The Company reports its financial information based on the following two segments:  TTEC Digital and TTEC Engage.

TTEC Digital designs, builds and delivers tech-enabled, insight-based and outcome-driven customer experience solutions through our professional services and suite of technology offerings. These solutions are critical to enabling and accelerating digital transformation for our clients.
TTEC Engage provides the essential technologies, human resources, infrastructure and processes to operate customer care, acquisition, and fraud detection and prevention services.

TTEC Digital and TTEC Engage come together under our unified offering, HumanifyTM Customer Experience as a Service (“CXaas”), which drives measurable customer results for clients through the delivery of personalized, omnichannel experiences. Our HumanifyTM cloud platform provides a fully integrated ecosystem of Customer Experience (“CX”) offerings, including omnichannel, messaging, AI, ML, RPA, analytics, cybersecurity, customer relationship management (“CRM”), knowledge management and journey orchestration.

Basis of Presentation

The Consolidated Financial Statements are comprised of the accounts of TTEC, its wholly owned subsidiaries, its 55% equity owned subsidiary Percepta, LLC, its 70% equity owned subsidiary First Call Resolution, LLC and its 70% equity owned subsidiary Serendebyte, Inc. (see Note 2). All intercompany balances and transactions have been eliminated in consolidation.
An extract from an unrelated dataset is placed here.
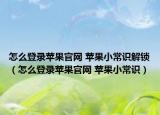 怎么登錄蘋(píng)果官網(wǎng) 蘋(píng)果小常識(shí)解鎖（怎么登錄蘋(píng)果官網(wǎng) 蘋(píng)果小常識(shí)）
The unaudited Consolidated Financial Statements do not include all of the disclosures required by accounting principles generally accepted in the U.S. (“GAAP”), pursuant to the rules and regulations of the Securities and Exchange Commission (“SEC”). The unaudited Consolidated Financial Statements reflect all adjustments which, in the opinion of management, are necessary to state fairly the consolidated financial position of the Company and the consolidated results of operations and comprehensive income (loss) and the consolidated cash flows of the Company. Operating results for the periods presented are not necessarily indicative of the results that may be expected for the year ending December 31, 2020.

These unaudited Consolidated Financial Statements should be read in conjunction with the Company’s audited Consolidated Financial Statements and footnotes thereto included in the Company’s Annual Report on Form 10-K for the year ended December 31, 2019.

Use of Estimates

The preparation of the Consolidated Financial Statements in conformity with GAAP requires management to make estimates and assumptions in determining the reported amounts of assets and liabilities, disclosure of contingent liabilities at the date of the Consolidated Financial Statements and the reported amounts of revenue and expenses during the reporting period. On an ongoing basis, the Company evaluates its estimates including those related to derivatives and hedging activities, income taxes including the valuation allowance for deferred tax assets, self-insurance reserves, litigation reserves, restructuring reserves, allowance for credit losses, contingent consideration, redeemable noncontrolling interest, and valuation of goodwill, long-lived and intangible assets. The Company bases its estimates on historical experience and on various other assumptions that are believed to be reasonable, the results of which form the basis for making judgments about the carrying values of assets and liabilities. Actual results may differ materially from these estimates under different assumptions or conditions.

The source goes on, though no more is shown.